## Exercise
Write out the entries below exactly, but only from the line containing "Hello and welcome" through the line containing "If you enjoyed", and without the pictures.

Stored dataset items:
= = = = =
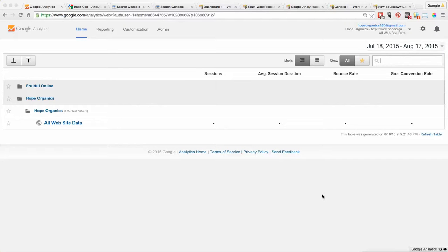In this video we're going to look at how to remove a Google Analytics account from your system and also how to delete it if that's what you want to do.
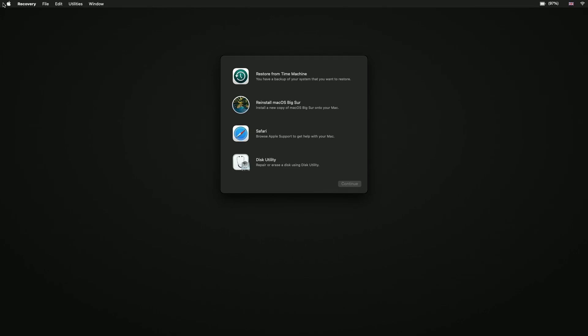As you can see, we have a number of options. However, we're going to highlight Restore from Time Machine and click on Continue.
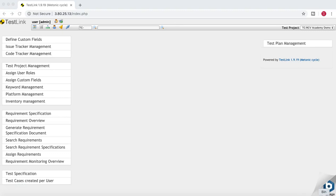Hello guys, welcome to another tutorial on TestLink. In the previous tutorial we saw how to create a new project in TestLink. In this tutorial we'll see how to start with the requirement section of TestLink and then proceed further to see how everything is linked together in the tool.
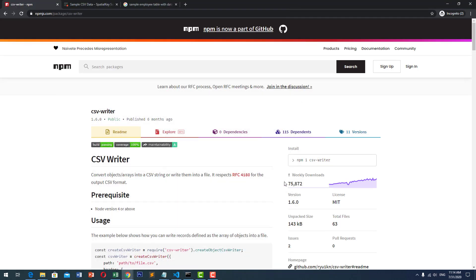Hello and welcome to Southbridge. Today, I will show you how to write a CSV file in Node.js.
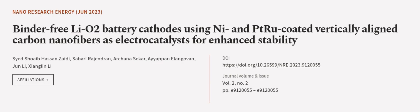This article was authored by Syed Shoaib Hassan Zaidi, Sabari Rajendran, Archana Sekhar, and others.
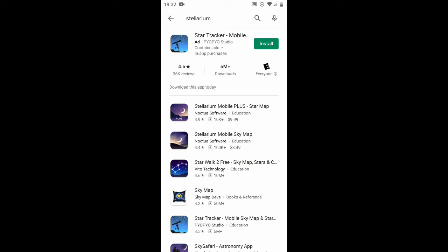This is a demonstration for those who can install the Stellarium desktop version. This is what I get when I search for Stellarium in the Google Play Store. I don't recommend that you get Stellarium mobile, and don't pay for any of this.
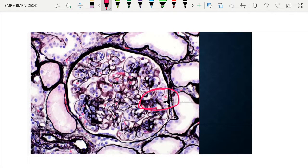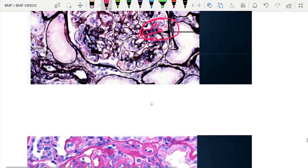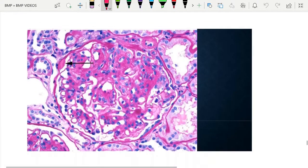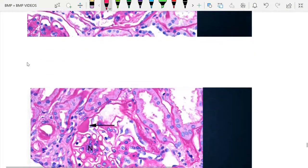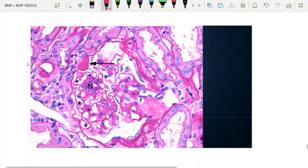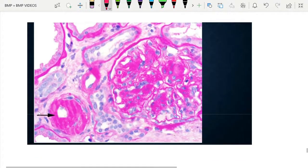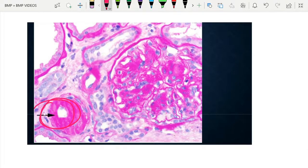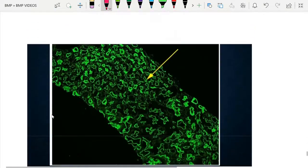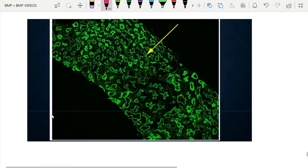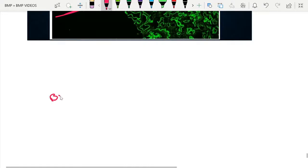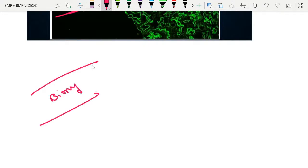Another image shows capsular drop, and another shows a capsular drop alongside a nodule with mesangial hypercellularity. Arterial hyalinosis along with mesangial expansion is also shown. Tubular basement membrane with non-specific IgG trapping is demonstrated. These are all the biopsy findings in diabetic kidney disease.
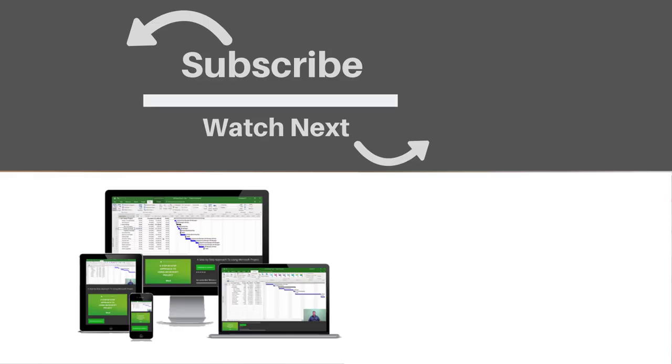If you enjoyed this video, make sure you like and subscribe to our channel. Hope to see you for the next tutorial, and thanks for watching.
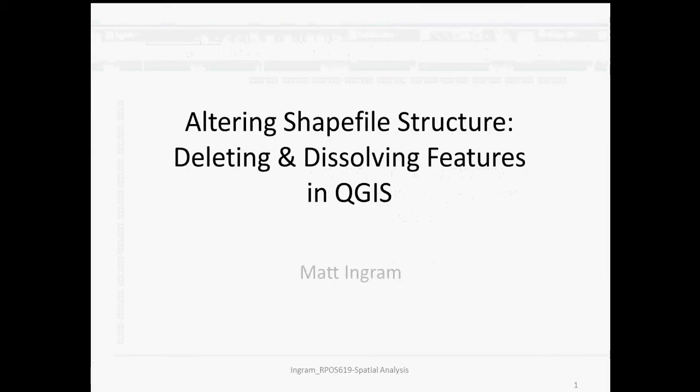Hi everybody, this is Matt Ingram with another video on altering the structure of shapefiles, specifically on deleting and dissolving features in QGIS.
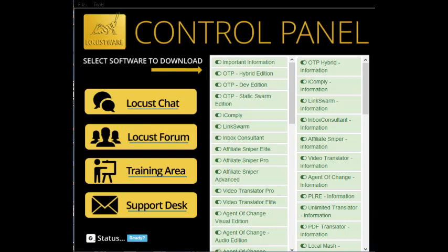Well, the answer is simple. You get it from the same place you got Hybrid, the Locusware control panel. Go to your control panel, click on Link Swarm, and download it.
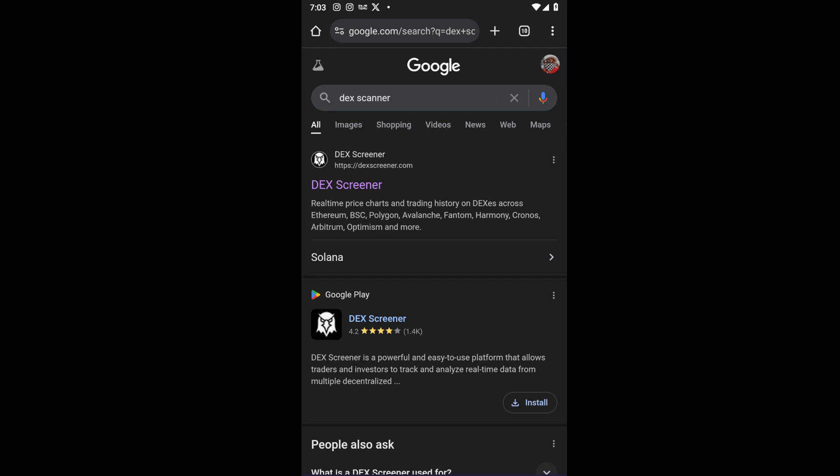Once inside, you want to go ahead and search for DEX Screener on Google.com. From here, you can open up the official website, which is dexscreener.com.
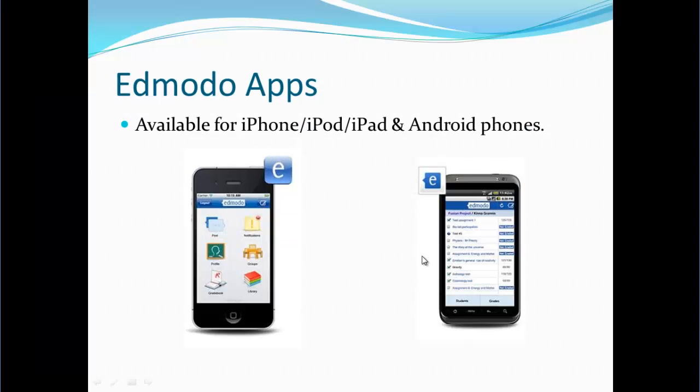Since we're talking about cell phones, here's just a quick note. Edmodo has apps. You can find apps for Apple products and Android based products at either iTunes or the Google Play store. Just search for Edmodo.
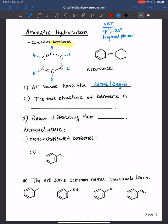Both experimental and theoretical evidence shows this. The true structure of benzene is actually a hybrid — a hybrid of two resonance structures, which I'll discuss in a bit. Because of this, aromatic hydrocarbons react differently than alkenes, which is why we're discussing them separately.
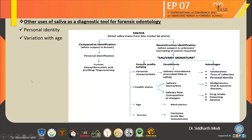In salivary signature, it is used for forensic profile building. It provides information on personal characteristics, health status, age, and gender. Its advantages include: geolocation, time of collection, personal identity, malignancy, oral and systemic disease, drug intake, poisoning, and alcohol detection.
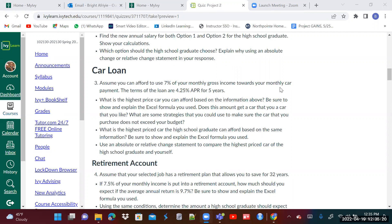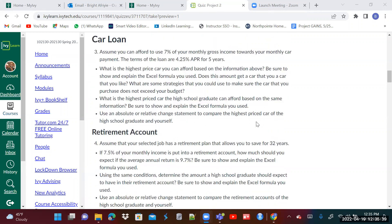What are some strategies you can use to make sure the car you purchase does not exceed your budget? You have to look at car insurance, maintenance, and factor all of those into your analysis. Use an absolute or relative change statement to compare the highest price car of the high school graduate and yourself.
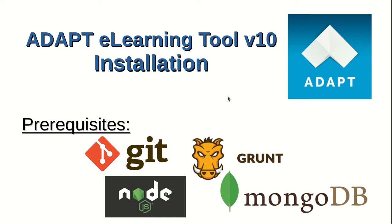Today, we're going to discuss a free learning tool, ADAPT version 10 installation, with its prerequisites.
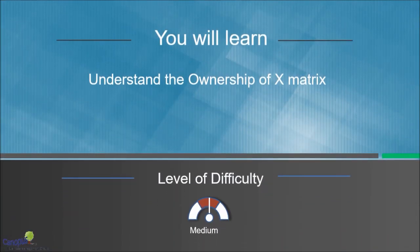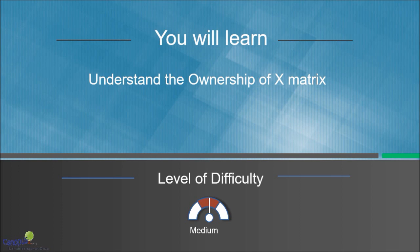In this lecture, we will understand how X matrix can be used to define shared ownership and accountability.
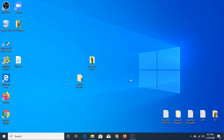For this process we are not going to use any third-party software or tool. In fact, we are going to use the Windows 10 Disk Management System that comes built in with the Windows operating system.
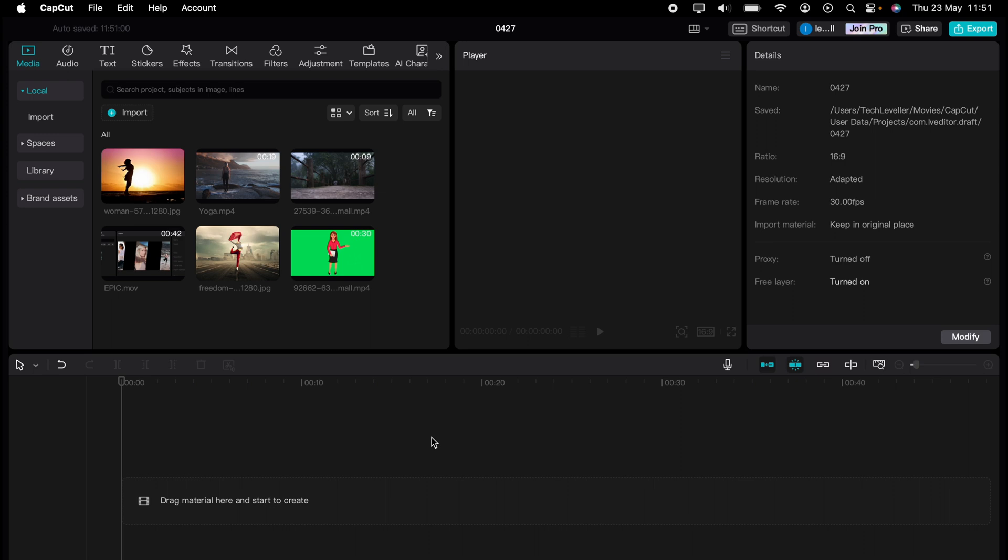Welcome to Tech Leveller, I'm Lee, and in this super quick video, I'm going to show you how to use CapCut templates on the CapCut PC.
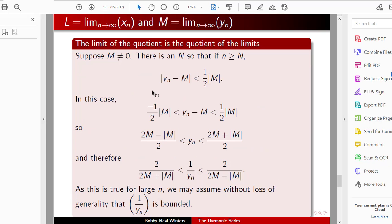What's left is the limit of the quotient is the quotient of the limits, where we must be careful and assume M is not equal to 0. There is an N such that if n is greater than capital N, then the absolute value of Yn minus M is less than one-half times the absolute value of M. By rearranging, we can show that the reciprocal sequence 1 over Yn is bounded.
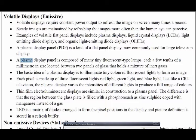Each pixel of a plasma display is made up of three fluorescent colors — red, green, and blue (RGB). The mixture of RGB colors produces different colors. Just like in a CRT television, the plasma varies the intensity of different lights to produce a full range of color images.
= = = = =
## Problem solution
Hello and welcome to Southbridge. Today, I will show you how to write a CSV file in Node.js.
This article was authored by Syed Shoaib Hassan Zaidi, Sabari Rajendran, Archana Sekhar, and others.
This is a demonstration for those who can install the Stellarium desktop version. This is what I get when I search for Stellarium in the Google Play Store. I don't recommend that you get Stellarium mobile, and don't pay for any of this.
Another image shows capsular drop, and another shows a capsular drop alongside a nodule with mesangial hypercellularity. Arterial hyalinosis along with mesangial expansion is also shown. Tubular basement membrane with non-specific IgG trapping is demonstrated. These are all the biopsy findings in diabetic kidney disease.
If you enjoyed this video, make sure you like and subscribe to our channel. Hope to see you for the next tutorial, and thanks for watching.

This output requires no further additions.